# Aim of the task
Every line of the data should be written out exactly, with the pictures left out.

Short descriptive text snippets

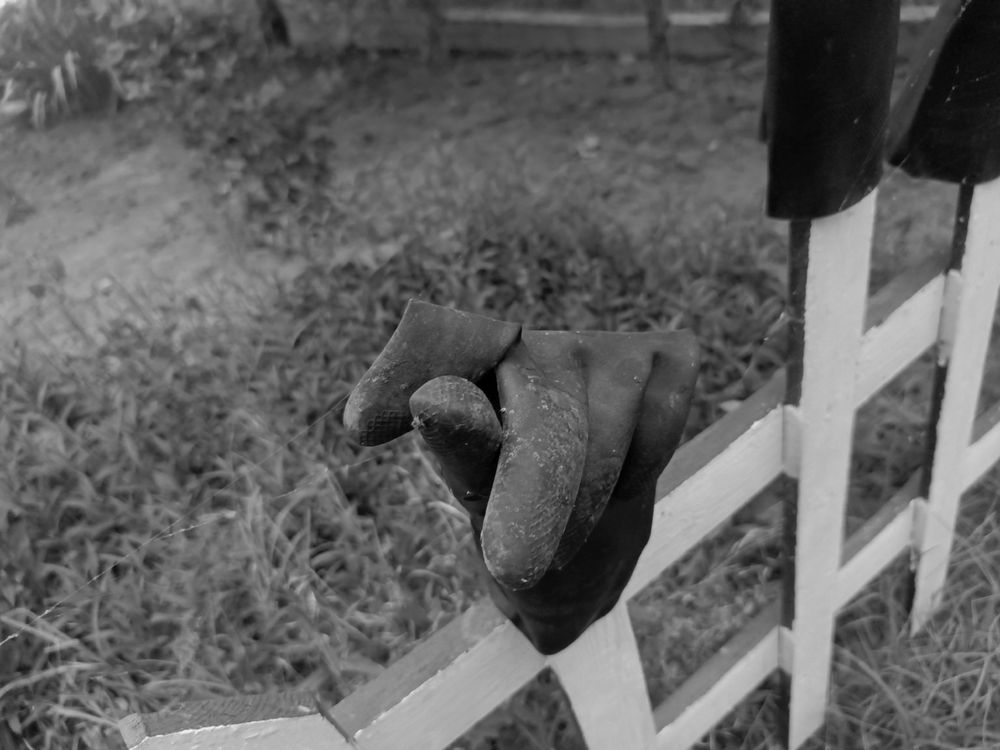 Photograph by Марина Демочкина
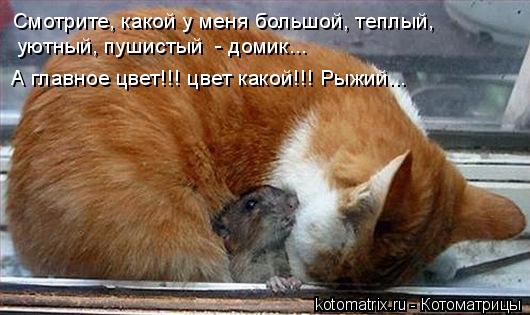 Смотрите, какой у меня большой, теплый, уютный, пушистый - домик... А главное цвет!!! цвет какой!!! ... Котоматрица: Смотрите, какой у меня большой, теплый, уютный, пушистый - домик... А главное цвет!!! цвет какой!!! Рыжий...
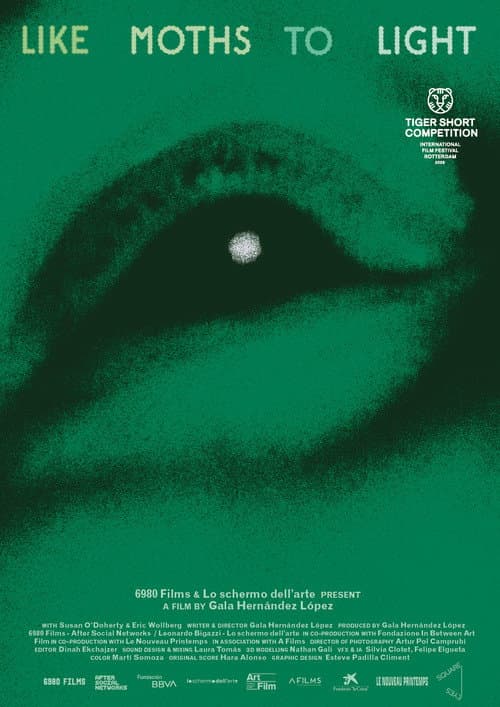 like moths to light (2026) poster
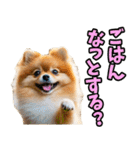 三重弁☆わんこ（個別スタンプ：10）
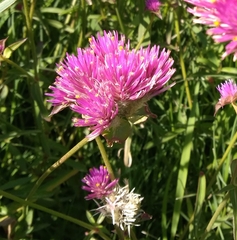 Gomphrena pulchella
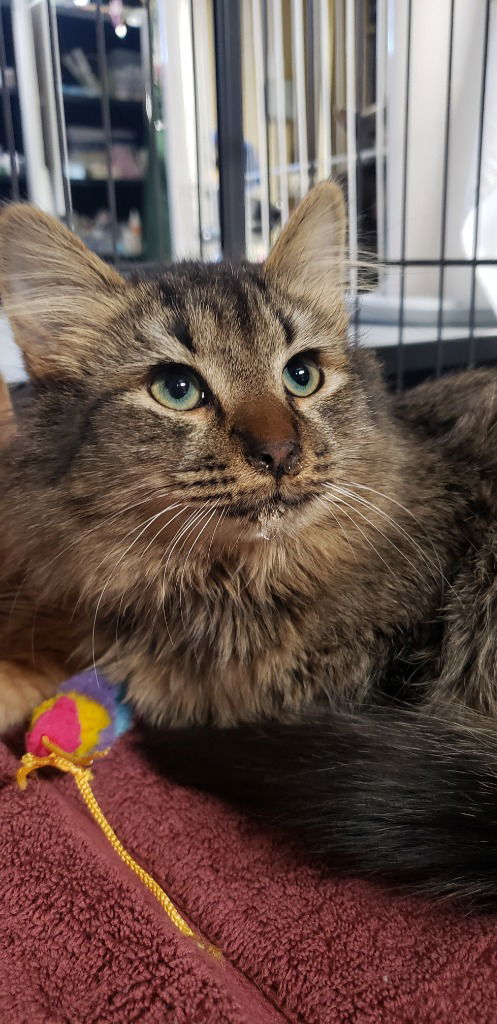 Tyson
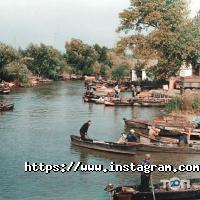 Seadora відгуки фото
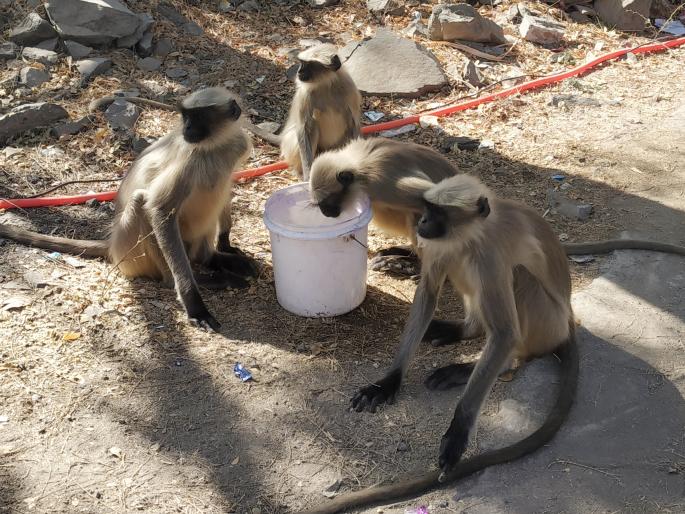 Monkeys on the Ankai fort head to the village for food | अनकाई किल्ल्यावरील माकडे अन्न पाण्यासाठी गावाकडे  Monkeys on the Ankai fort head to the village for food | अनकाई किल्ल्यावरील माकडे अन्न पाण्यासाठी गावाकडे
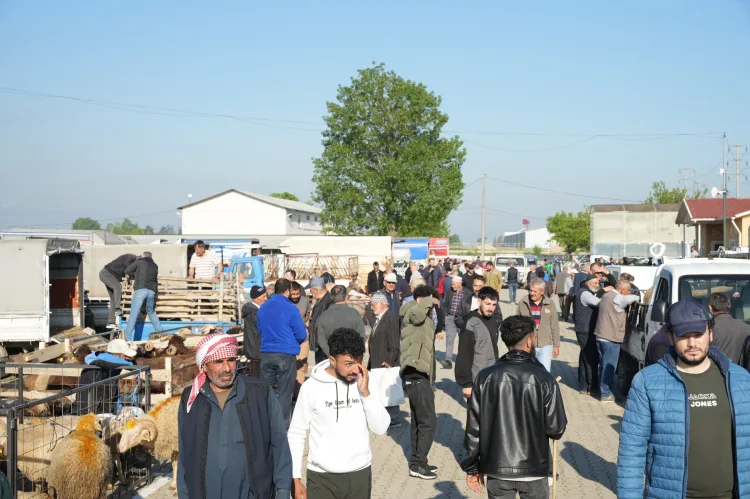 Yenişehir’de Kurban Bayramı Hazırlıkları Tamam!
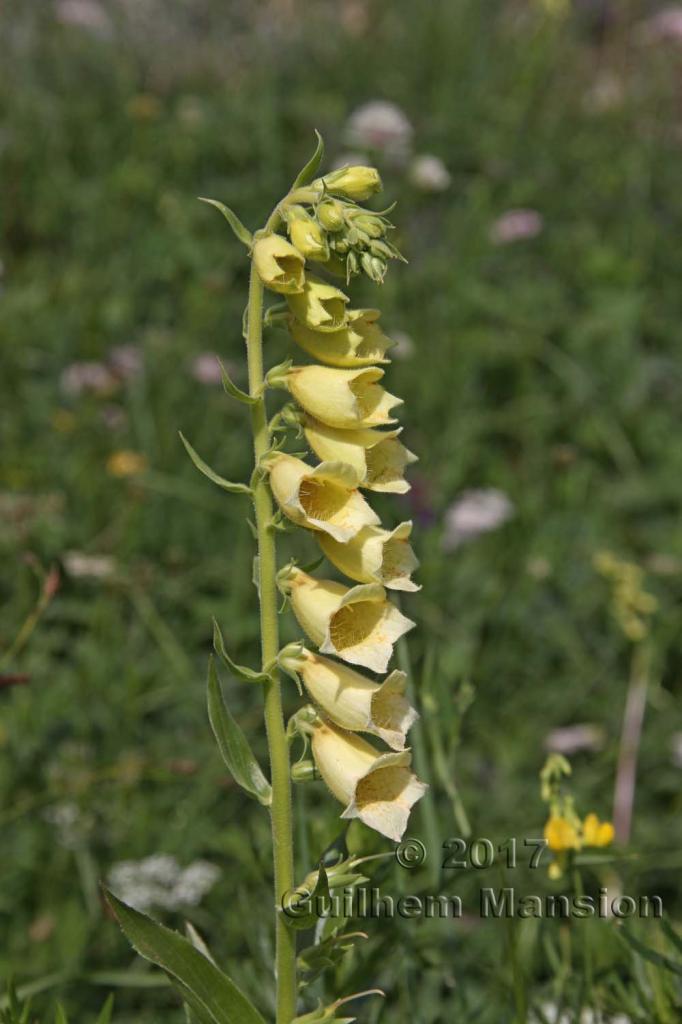 Digitalis grandiflora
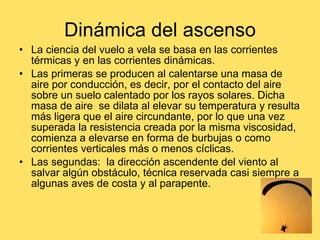 Dinámica del ascenso La ciencia del vuelo a vela se basa en las corrientes térmicas y en las corrientes dinámicas. Las primeras se producen al calentarse una masa de aire por conducción, es decir, por el contacto del aire sobre un suelo calentado por los rayos solares. Dicha masa de aire  se dilata al elevar su temperatura y resulta más ligera que el aire circundante, por lo que una vez superada la resistencia creada por la misma viscosidad, comienza a elevarse en forma de burbujas o como corrientes verticales más o menos cíclicas. Las segundas:  la dirección ascendente del viento al salvar algún obstáculo, técnica reservada casi siempre a algunas aves de costa y al parapente.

# Exercise answer
 Photograph by Марина Демочкина
 Смотрите, какой у меня большой, теплый, уютный, пушистый - домик... А главное цвет!!! цвет какой!!! ... Котоматрица: Смотрите, какой у меня большой, теплый, уютный, пушистый - домик... А главное цвет!!! цвет какой!!! Рыжий...
 like moths to light (2026) poster
 三重弁☆わんこ（個別スタンプ：10）
 Gomphrena pulchella
 Tyson
 Seadora відгуки фото
 Monkeys on the Ankai fort head to the village for food | अनकाई किल्ल्यावरील माकडे अन्न पाण्यासाठी गावाकडे  Monkeys on the Ankai fort head to the village for food | अनकाई किल्ल्यावरील माकडे अन्न पाण्यासाठी गावाकडे
 Yenişehir’de Kurban Bayramı Hazırlıkları Tamam!
 Digitalis grandiflora
 Dinámica del ascenso La ciencia del vuelo a vela se basa en las corrientes térmicas y en las corrientes dinámicas. Las primeras se producen al calentarse una masa de aire por conducción, es decir, por el contacto del aire sobre un suelo calentado por los rayos solares. Dicha masa de aire  se dilata al elevar su temperatura y resulta más ligera que el aire circundante, por lo que una vez superada la resistencia creada por la misma viscosidad, comienza a elevarse en forma de burbujas o como corrientes verticales más o menos cíclicas. Las segundas:  la dirección ascendente del viento al salvar algún obstáculo, técnica reservada casi siempre a algunas aves de costa y al parapente.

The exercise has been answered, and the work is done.